This inspection constitutes 20 samples as defined in Inspection Procedure 71121.01.

b. Findings

Introduction.

The inspectors identified a Green noncited violation of Technical Specification 5.4.1 for failure to follow a licensee procedure.

Description.

While touring the Unit 2 spent fuel pool on February 13, 2008, the inspectors observed workers performing fuel inspections on the fuel bridge. Radiation Work Permit 08-2019-00 requires a continuous air monitor be operating in the fuel building, with an appropriate alarm setpoint to alert workers and provides actions for workers to take upon receiving an alarm. The inspectors noted that the physical location of the continuous air monitor, an AM-4, was in the southeast corner of the floor. The function of the continuous air monitor is to monitor for airborne radioactive materials while fuel inspection is performed. Furthermore, Site Procedure RCP D-430, "Plant Airborne Radioactivity Surveillance," Section 2.2.3 states, in part, the purpose of the continuous air monitors is to alert personnel to changes in radiological conditions. Ventilation flow in this area is from north to south with the exhaust intakes centered with the spent fuel pool. The continuous air monitor was approximately 18 feet away from the nearest exhaust intake and approximately 50 feet away from the workers' location. The permanently installed continuous air monitor was out of service; however, it was physically located beneath an exhaust intake. Personnel interviews indicated that the AMS-4 was originally placed on top of the permanently installed continuous air monitor, but then it was moved to get a better remote indication. However, the inspectors concluded, from discussions with radiation protection supervision, that no evaluation was made to determine if the new location was appropriate to alert workers of changing radiological conditions.

- 30 -During review of this occurrence, the inspectors were made aware of a similar situation that was identified on May 3, 2006. Specifically, Action Request A0666110 was opened to evaluate the adequacy of AMS-4 placement in the fuel building during fuel moves. The corrective action was initiated in response to an NRC inspector's questions during a walkthrough.

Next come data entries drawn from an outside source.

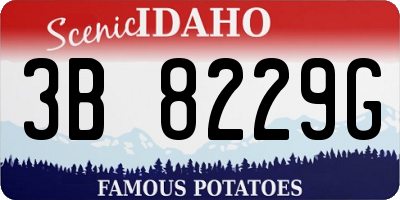 ID license plate 3B8229G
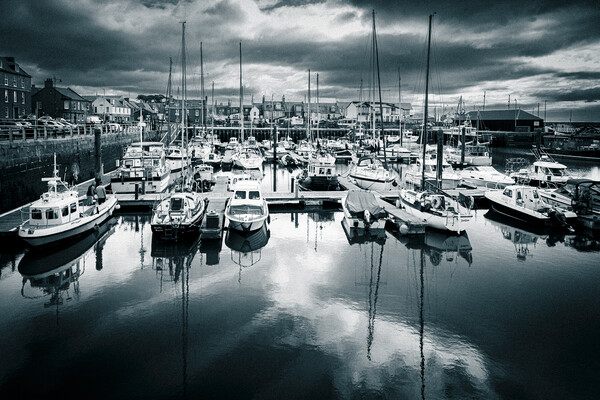 Yachts reflected in Arbroath Harbour Mono Picture Board by DAVID FRANCIS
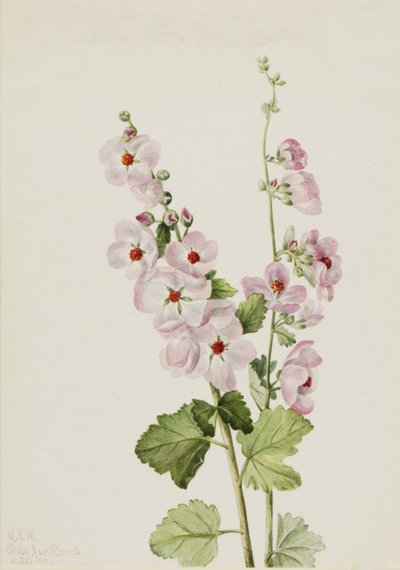Orange-Auge Kugelmalve Sphaeralcea davidsonii, 1926 von Mary Vaux Walcott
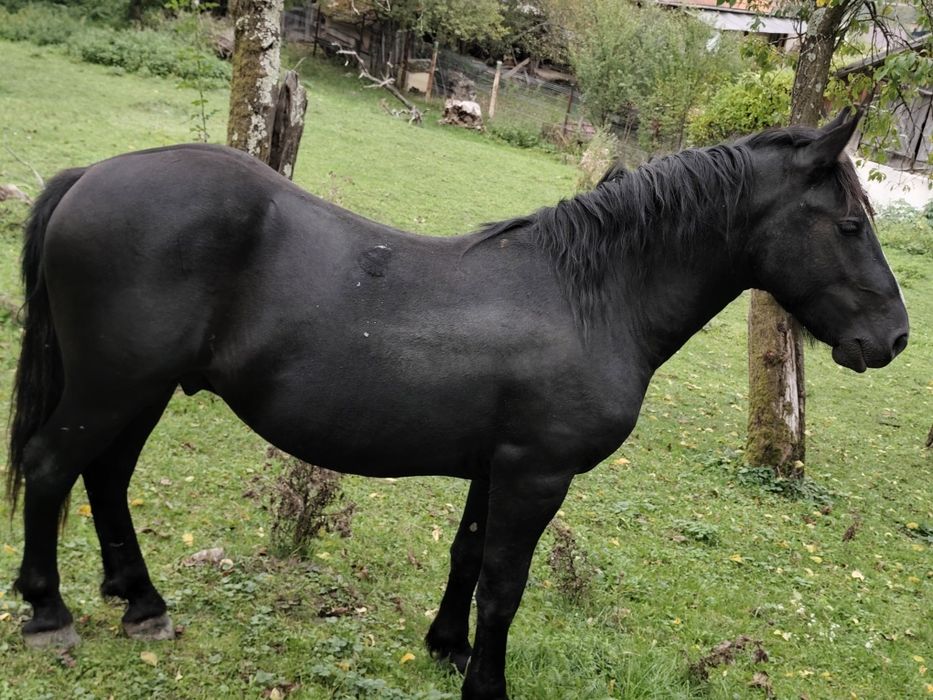 Vând mânz de 2 anii metis de frizian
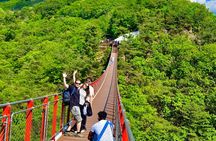 DMZ: Explore 3rd Tunnel & Nature Walk on Suspension Bridge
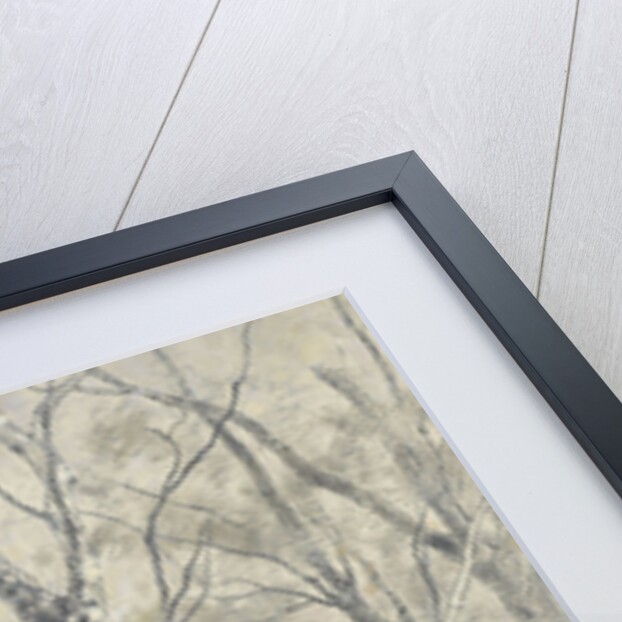 Forest of birch trees by Alphonse Stengelin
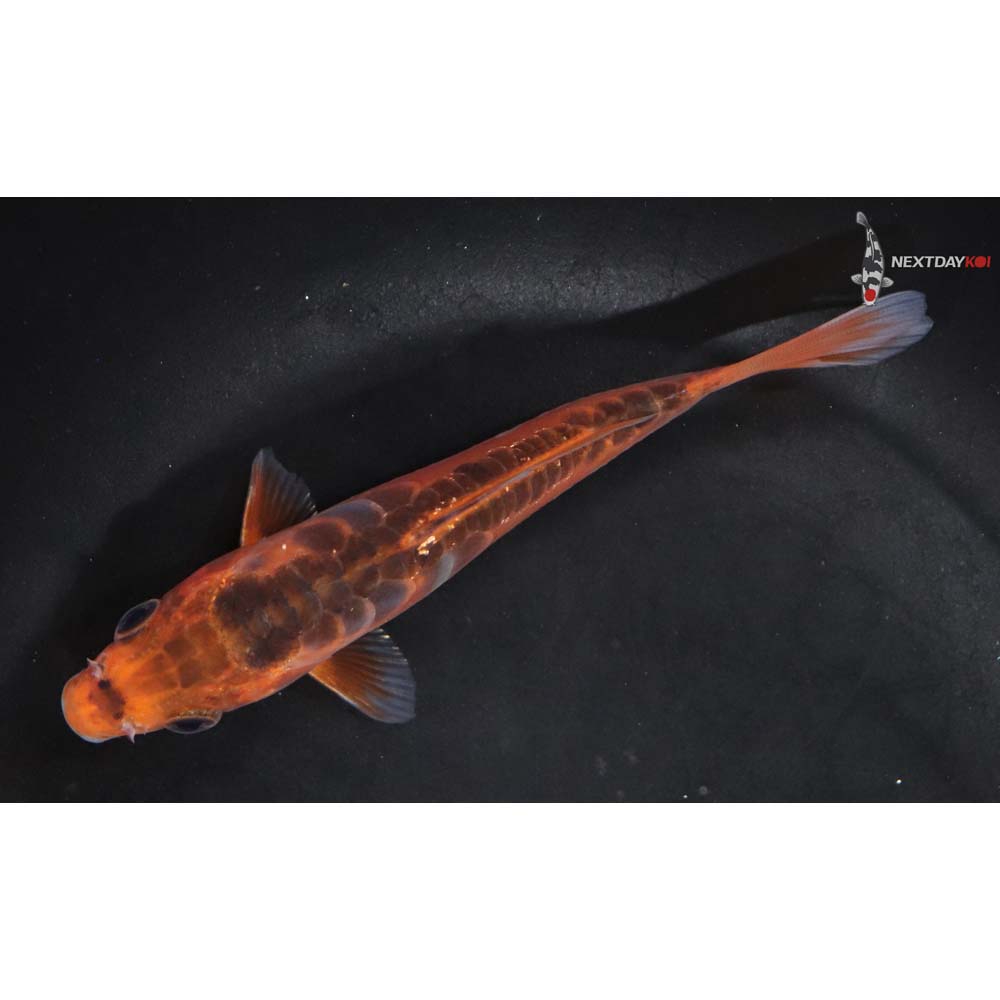 4.5” Imported Shusui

However, this action request remained open with a resolution date of December 15, 2008.

Analysis.

This finding is more than minor because it is associated with the occupational radiation safety program and process attribute and affected the cornerstone objective, in that the failure to monitor for radioactive material in the air had the potential to increase personnel dose. This occurrence involves workers unplanned, unintended or potential for such dose; therefore, this finding was evaluated using the occupational radiation safety significance determination process. The inspectors determined that this finding was of very low safety significance because it did not involve:

(1) an as low as is reasonably achievable (ALARA) planning or work control issue;
(2) an overexposure;
(3) a substantial potential for overexposure; or
(4) an impaired ability to assess dose. This finding also has a crosscutting aspect in the area of problem identification and resolution, corrective action component, because the licensee failed to take timely corrective actions to address personnel safety issues. P.1(d)

This finding was identified by NRC because the NRC inspectors questioned the position of the AMS-4.

Enforcement.

Technical Specification 5.4.1 requires procedures be established, implemented, and maintained covering the applicable procedures recommended in Regulatory Guide 1.33, Appendix A. Section 7 of Appendix A recommends radiation protection procedures for airborne radioactivity monitoring. The licensee implementing Procedure RCP D-430, "Plant Airborne Radioactivity Surveillance", Section 2.2 states, in part, the purpose of the continuous air monitors is to alert personnel to changes in radiological conditions and that locations are selected based on their potential as contributors to airborne activity. Contrary to this requirement, the licensee failed to implement this procedure because the selected location of the continuous air monitor did not provide adequate coverage to alarm and alert the workers of changes in radiological conditions. Because this failure to follow a procedure is of very low safety significance and has been entered into the licensee's corrective action program, Action Request A0719338, this violation is being treated as a noncited violation, consistent with Section VI.A of the NRC Enforcement Policy: NCV 05000323/2008002-03, Failure to Follow Procedures.

2OS2 ALARA Planning and Controls (71121.02)

a. Inspection Scope

The inspectors assessed licensee performance with respect to maintaining individual and collective radiation exposures as low as is reasonably achievable (ALARA). The inspectors used the requirements in 10 CFR Part 20 and the licensee's procedures required by technical specifications as criteria for determining compliance. The inspectors also reviewed activities associated with the steam generator replacement to fulfill the inspection requirements of Inspection Procedure 50001, "Steam Generator Replacement Inspection." The inspectors interviewed licensee personnel and reviewed:

- 31 -* Five outage or online maintenance work activities scheduled during the inspection period and associated work activity exposure estimates which were likely to result in the highest personnel collective exposures

  • Site specific ALARA procedures
  • Interfaces between operations, radiation protection, maintenance, maintenance planning, scheduling and engineering groups
  • Integration of ALARA requirements into work procedure and radiation work permit (or radiation exposure permit) documents
  • Use of engineering controls to achieve dose reductions and dose reduction benefits afforded by shielding
  • Workers' use of the low dose waiting areas
  • First line job supervisors' contribution to ensuring work activities are conducted in a dose efficient manner
  • Radiation worker and radiation protection technician performance during work activities in radiation areas, airborne radioactivity areas, or high radiation areas
  • Self-assessments, audits, and special reports related to the ALARA program since the last inspection
  • Resolution through the corrective action process of problems identified through post-job reviews and post-outage ALARA report critiques
  • Corrective action documents related to the ALARA program and followup activities, such as initial problem identification, characterization, and tracking
  • Effectiveness of self-assessment activities with respect to identifying and addressing repetitive deficiencies or significant individual deficiencies

Specific documents reviewed during this inspection are listed in the attachment.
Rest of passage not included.